It rarely existed during Rozelle’s tenure, when Garvey went up against owners such as Hugh Culverhouse and Joe Robbie and Cowboys President Tex Schramm on the all-powerful management council. All could be acerbic and unbending, causing a deep separation between management and labor that led to several stalemates.

Those began before Garvey arrived on the scene in 1971. In July 1968, the NFLPA voted to strike and was locked out during training camp before an agreement was reached on pension benefits — the first CBA between union and league.

Two years later, with players locked out of training camp, the union again opted to strike, but a quick solution resulted in a four-year, $19.1 million agreement, though it didn’t address many of the union’s concerns, including freedom of movement for players.

In 1974, Garvey led another summer strike by players that ended with no new CBA. The management council’s strong opposition to free agency and the players’ fear of losing a paycheck once again hindered any progress.

“It’s hard to remember a time in the ’70s and early ’80s when there was good feeling between management and labor,” says Joe Browne, a key league executive and adviser to commissioners for 50 years. “We fought in the courts more than we negotiated at the bargaining table.”

But when the union won a key court battle in 1975 and ’76 that struck down the so-called Rozelle Rule that prohibited player movement, team owners simply refused to bid for players.

By 1982, the players found the resolve to strike when it truly mattered: during the regular season. They walked out on Sept. 21 and were gone for 57 days, shortening the season to nine games. And they won some significant gains: an improved salary and benefits package worth at least $1.28 billion over five seasons, and a settlement in which owners paid $60 million that essentially covered what players lost while striking.

But no free agency.

When that agreement ended, the union again struck after two weeks of the regular season — and was stunned when the league used replacement players. That led to many NFLPA members crossing picket lines, creating a nasty environment that ruined several team’s seasons — and did little to strengthen the union’s bargaining powers.

“The NFLPA has a difficult job,” says Don Yee, one of the most respected player agents who represents, among others, Tom Brady. “Irrespective of the leader, it has been historically difficult for football players to stick together during any kind of labor effort.
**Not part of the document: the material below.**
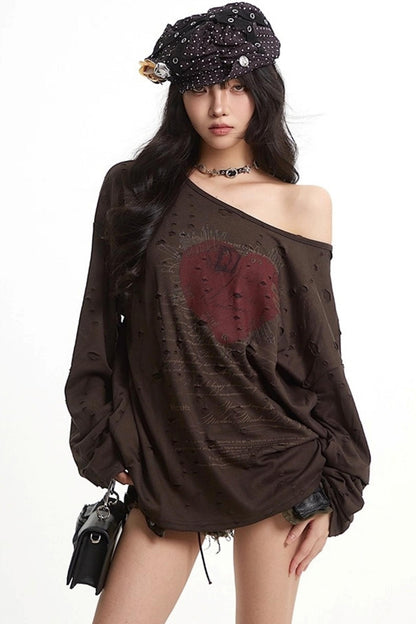 Vintage Love Print Slanted Shoulder T-Shirt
If the players want change and progress, they will have to stick together and be willing to make the necessary sacrifices.”

The ’87 strike, embarrassing to all sides, was a major factor in Rozelle leaving as commissioner in 1989, ending a tenure generally acclaimed as the most successful in pro sports. He died in 1996.
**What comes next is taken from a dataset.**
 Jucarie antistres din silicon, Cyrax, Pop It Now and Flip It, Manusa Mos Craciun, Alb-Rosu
“The decade of the ’80s was tough on Pete because the league was playing defense on so many fronts,” Browne explains. “There was a general malaise in the league for almost the entire decade.”

There were the two work stoppages, three years of battling the USFL, which then folded, and litigation over the Raiders‘ right to unilaterally move from Oakland to Los Angeles.

“Pete was physically out of the office a great deal during those months,” Browne adds. “Pete knew there never would be a time when all the league’s problems would be settled in a positive manner. It was enough to convince Pete to step down as commissioner in 1989 after three decades of seven-day work weeks on the job.”

Tagliabue already was deeply involved in NFL legal matters and was elected to succeed Rozelle, but insisted he lead all labor negotiations. It was a wise and fruitful move: His 17 years in charge resulted in zero work stoppages.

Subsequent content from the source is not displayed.